Many automakers first adapted to the electric revolution by converting their internal combustion engine-powered cars to EVs. But the reality is that standard ICE cars contain fundamental design attributes that make them less-than-optimal for use as electric cars.
To build the best electric car, many experts agree, requires a dedicated electric car platform. And to ensure that this platform can yield cars of various shapes and sizes to meet demands in different market segments, that dedicated platform has to be modular.
It’s for that reason that Volkswagen and Ford are using the new Modular Electric Toolkit, and why Subaru and Toyota have teamed up to build their own modular EV platform. It’s no surprise, then, that Honda is getting in on the fun, though I wonder if it plans to partner with another automaker, as the cost associated with developing an all new modular electric platform will likely be tremendous. Hmm.

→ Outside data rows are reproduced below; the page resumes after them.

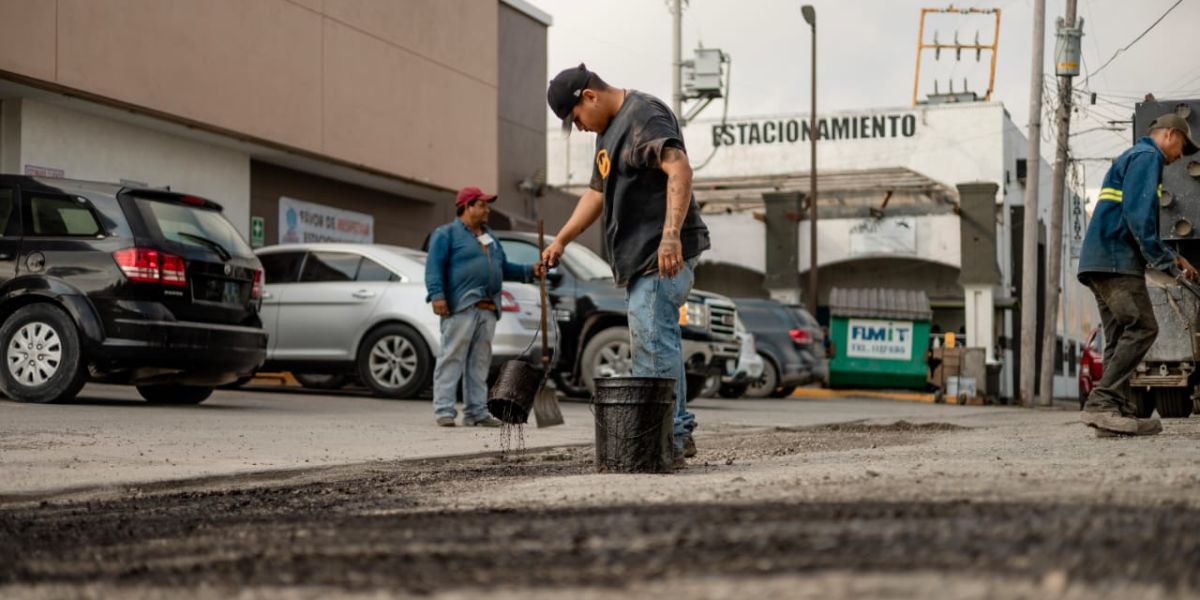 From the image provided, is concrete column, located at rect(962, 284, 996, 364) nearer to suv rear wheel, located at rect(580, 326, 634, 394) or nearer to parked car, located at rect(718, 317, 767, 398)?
parked car, located at rect(718, 317, 767, 398)

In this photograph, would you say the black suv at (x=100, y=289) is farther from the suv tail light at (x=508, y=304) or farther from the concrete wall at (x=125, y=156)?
the concrete wall at (x=125, y=156)

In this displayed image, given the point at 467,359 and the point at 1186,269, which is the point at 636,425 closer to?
the point at 1186,269

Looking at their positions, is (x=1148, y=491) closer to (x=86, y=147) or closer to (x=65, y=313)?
(x=65, y=313)

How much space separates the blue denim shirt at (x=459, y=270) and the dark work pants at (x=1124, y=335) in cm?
441

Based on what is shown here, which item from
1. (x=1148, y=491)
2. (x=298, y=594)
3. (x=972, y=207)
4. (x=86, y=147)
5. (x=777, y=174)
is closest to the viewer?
(x=298, y=594)

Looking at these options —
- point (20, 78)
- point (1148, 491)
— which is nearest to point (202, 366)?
point (20, 78)

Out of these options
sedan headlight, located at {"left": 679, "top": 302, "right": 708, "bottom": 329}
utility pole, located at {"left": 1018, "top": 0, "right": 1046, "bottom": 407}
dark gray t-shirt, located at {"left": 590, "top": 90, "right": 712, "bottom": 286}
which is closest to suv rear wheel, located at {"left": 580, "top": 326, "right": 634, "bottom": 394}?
sedan headlight, located at {"left": 679, "top": 302, "right": 708, "bottom": 329}

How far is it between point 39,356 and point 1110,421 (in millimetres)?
7408

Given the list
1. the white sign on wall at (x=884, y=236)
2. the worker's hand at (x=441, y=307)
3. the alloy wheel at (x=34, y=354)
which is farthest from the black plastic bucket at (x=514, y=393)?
the white sign on wall at (x=884, y=236)

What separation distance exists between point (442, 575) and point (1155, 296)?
12.2 metres

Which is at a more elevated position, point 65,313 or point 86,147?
point 86,147

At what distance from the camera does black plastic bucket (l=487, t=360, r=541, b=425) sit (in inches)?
348

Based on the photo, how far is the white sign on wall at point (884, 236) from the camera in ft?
126

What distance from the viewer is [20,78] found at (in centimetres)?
1519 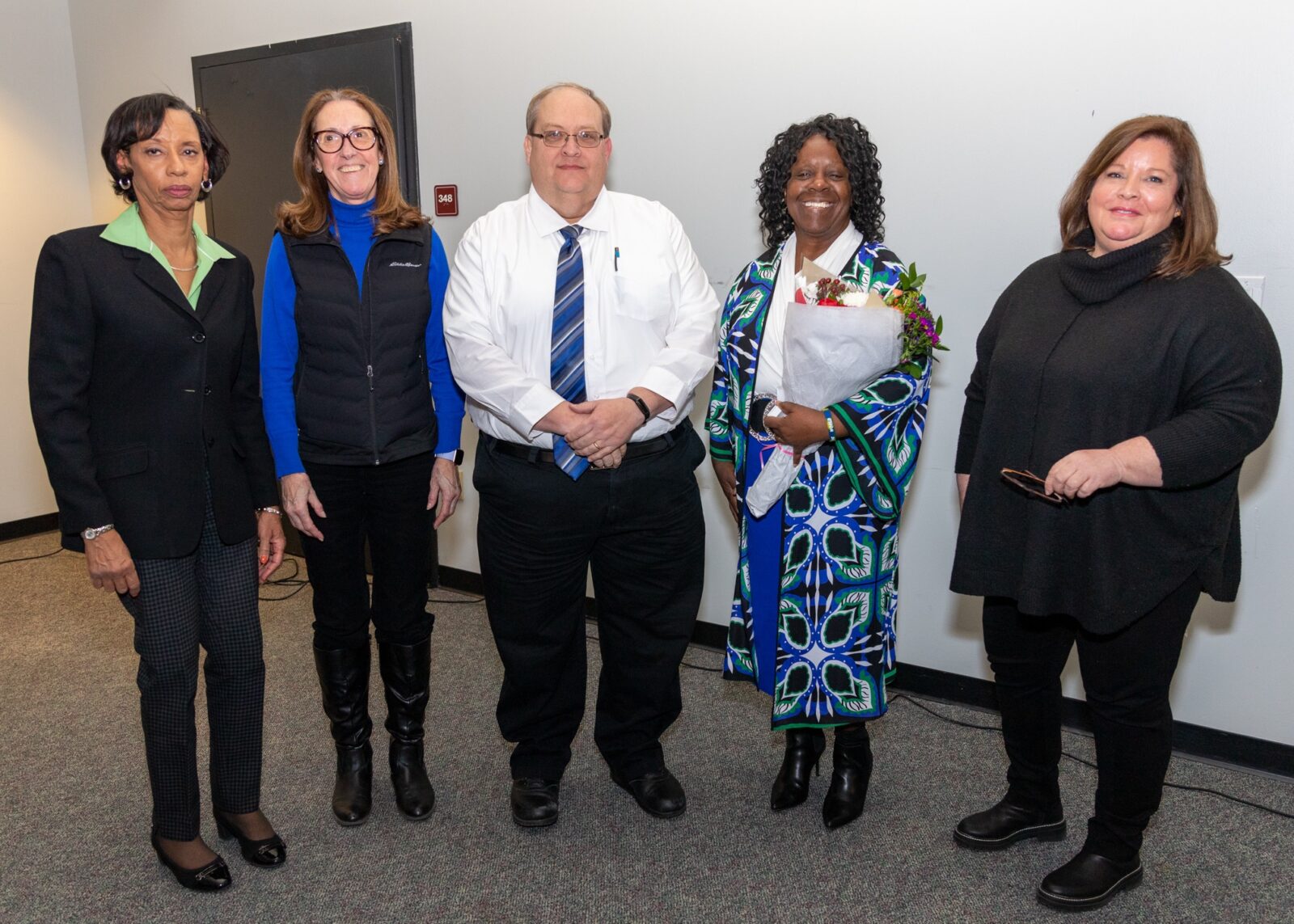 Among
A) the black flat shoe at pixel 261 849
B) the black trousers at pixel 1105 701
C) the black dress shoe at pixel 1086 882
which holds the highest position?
the black trousers at pixel 1105 701

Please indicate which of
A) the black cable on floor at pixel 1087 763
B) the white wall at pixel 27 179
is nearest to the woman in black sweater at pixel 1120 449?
the black cable on floor at pixel 1087 763

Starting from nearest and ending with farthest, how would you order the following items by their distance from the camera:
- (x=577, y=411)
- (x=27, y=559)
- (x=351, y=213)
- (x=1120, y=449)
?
(x=1120, y=449) → (x=577, y=411) → (x=351, y=213) → (x=27, y=559)

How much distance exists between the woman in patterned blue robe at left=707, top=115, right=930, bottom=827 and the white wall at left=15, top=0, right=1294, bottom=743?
623mm

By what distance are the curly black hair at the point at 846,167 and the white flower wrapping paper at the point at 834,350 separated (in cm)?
33

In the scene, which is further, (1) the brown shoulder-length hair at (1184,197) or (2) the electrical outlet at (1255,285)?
(2) the electrical outlet at (1255,285)

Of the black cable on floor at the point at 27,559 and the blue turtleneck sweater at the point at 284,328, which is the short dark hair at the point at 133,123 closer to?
the blue turtleneck sweater at the point at 284,328

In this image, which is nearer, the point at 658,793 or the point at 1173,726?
the point at 658,793

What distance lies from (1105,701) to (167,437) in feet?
6.54

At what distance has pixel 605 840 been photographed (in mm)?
2383

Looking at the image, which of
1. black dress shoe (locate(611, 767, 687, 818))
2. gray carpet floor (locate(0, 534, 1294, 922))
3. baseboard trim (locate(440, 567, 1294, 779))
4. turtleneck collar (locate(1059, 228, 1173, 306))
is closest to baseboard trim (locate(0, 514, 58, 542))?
gray carpet floor (locate(0, 534, 1294, 922))

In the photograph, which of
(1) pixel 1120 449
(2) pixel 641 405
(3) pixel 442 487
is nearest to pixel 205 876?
(3) pixel 442 487

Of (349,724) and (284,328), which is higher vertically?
(284,328)

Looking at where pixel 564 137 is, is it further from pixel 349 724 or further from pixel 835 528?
pixel 349 724

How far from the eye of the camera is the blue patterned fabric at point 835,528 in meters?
2.24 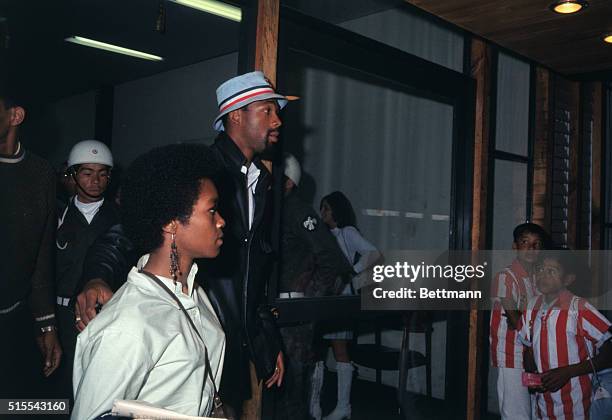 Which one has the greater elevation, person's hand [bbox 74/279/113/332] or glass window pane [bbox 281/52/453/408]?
glass window pane [bbox 281/52/453/408]

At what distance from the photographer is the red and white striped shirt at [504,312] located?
340 cm

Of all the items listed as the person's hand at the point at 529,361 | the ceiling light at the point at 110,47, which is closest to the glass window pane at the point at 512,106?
the person's hand at the point at 529,361

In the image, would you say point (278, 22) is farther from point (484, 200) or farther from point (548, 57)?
point (548, 57)

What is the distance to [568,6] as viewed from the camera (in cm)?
328

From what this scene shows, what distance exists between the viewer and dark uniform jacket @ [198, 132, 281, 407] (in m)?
2.15

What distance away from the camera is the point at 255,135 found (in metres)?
2.25

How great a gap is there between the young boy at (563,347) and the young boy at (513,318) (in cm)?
10

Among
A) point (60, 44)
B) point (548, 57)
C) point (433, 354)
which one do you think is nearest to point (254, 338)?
point (433, 354)

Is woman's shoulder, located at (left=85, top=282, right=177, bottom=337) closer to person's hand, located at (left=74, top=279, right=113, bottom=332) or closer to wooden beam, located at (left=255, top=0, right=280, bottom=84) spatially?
person's hand, located at (left=74, top=279, right=113, bottom=332)

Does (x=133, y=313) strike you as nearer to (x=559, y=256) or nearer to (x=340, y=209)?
(x=559, y=256)

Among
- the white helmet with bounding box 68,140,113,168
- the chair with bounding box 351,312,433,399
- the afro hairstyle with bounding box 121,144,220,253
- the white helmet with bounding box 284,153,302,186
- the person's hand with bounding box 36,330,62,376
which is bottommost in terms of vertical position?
the chair with bounding box 351,312,433,399

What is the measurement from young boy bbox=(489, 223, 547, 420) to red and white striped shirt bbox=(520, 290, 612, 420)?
126 millimetres

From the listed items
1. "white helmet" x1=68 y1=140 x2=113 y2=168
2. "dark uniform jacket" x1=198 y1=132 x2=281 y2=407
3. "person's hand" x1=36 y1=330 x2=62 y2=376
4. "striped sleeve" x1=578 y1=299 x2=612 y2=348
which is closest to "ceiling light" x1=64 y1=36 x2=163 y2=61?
"white helmet" x1=68 y1=140 x2=113 y2=168

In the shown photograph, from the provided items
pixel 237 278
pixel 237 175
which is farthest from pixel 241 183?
pixel 237 278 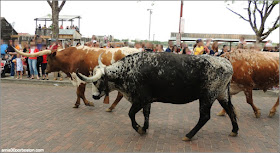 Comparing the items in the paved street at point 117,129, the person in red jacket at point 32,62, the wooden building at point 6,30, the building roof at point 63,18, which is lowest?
the paved street at point 117,129

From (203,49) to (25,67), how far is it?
879 cm

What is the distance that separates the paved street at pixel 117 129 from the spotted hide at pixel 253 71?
858 millimetres

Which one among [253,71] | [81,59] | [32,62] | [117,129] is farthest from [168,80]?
[32,62]

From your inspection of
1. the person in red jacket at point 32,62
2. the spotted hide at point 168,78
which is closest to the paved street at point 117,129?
the spotted hide at point 168,78

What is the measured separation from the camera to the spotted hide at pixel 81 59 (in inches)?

2nd Gear: Toyota Ordered to Pay a Dealership $15.8 Million Over Alleged Retaliation Over Dealer’s Recall Tracking Software
About a decade ago, Toyota was in the middle of an “unintended acceleration” disaster, which gained lots of attention in the media, especially after a family of four died in a crash in a Lexus when the driver was unable to bring the vehicle to a halt. Massive recalls ensued and, according to Bloomberg, one dealership found a way to organize the recall work using his own software. The news site writes about a lawsuit between this dealer, named Roger Hogan, and Toyota—a suit that alleges that Toyota retaliated against Hogan because his special program was costing the car company too much money. From Bloomberg:
Hogan claimed that his Autovation program, which he started in 2011 after a massive recall related to complaints about sudden acceleration, was much more efficient than Toyota’s own system in identifying and contacting customers whose vehicles hadn’t had repairs done.
According to Hogan, Toyota wanted to kill his program, which was also used by other Toyota dealers, and oust him because it was costing the carmaker too much money to fix all the cars Autovation identified.
The state court ended up finding Toyota liable for “unfair interference in a contract Roger Hogan’s two dealerships had with the automaker,” Bloomberg writes, going on to say that “the jury found Toyota didn’t intend to deceive the dealerships by hiding material facts, and as a result didn’t have to pay punitive damages.”
According to the story, this software being used to track recall work was a violation of an agreement with Toyota, with Bloomberg providing Toyota’s response to the court outcome:
“While we respect the jury’s decision, we remain confident the evidence and testimony clearly demonstrated that Toyota abided by its contractual obligations to the Hogan dealerships and has been transparent with its dealers, regulators and customers regarding the vehicle issues raised at trial,” the company said in an emailed statement. “We will consider our options moving forward.”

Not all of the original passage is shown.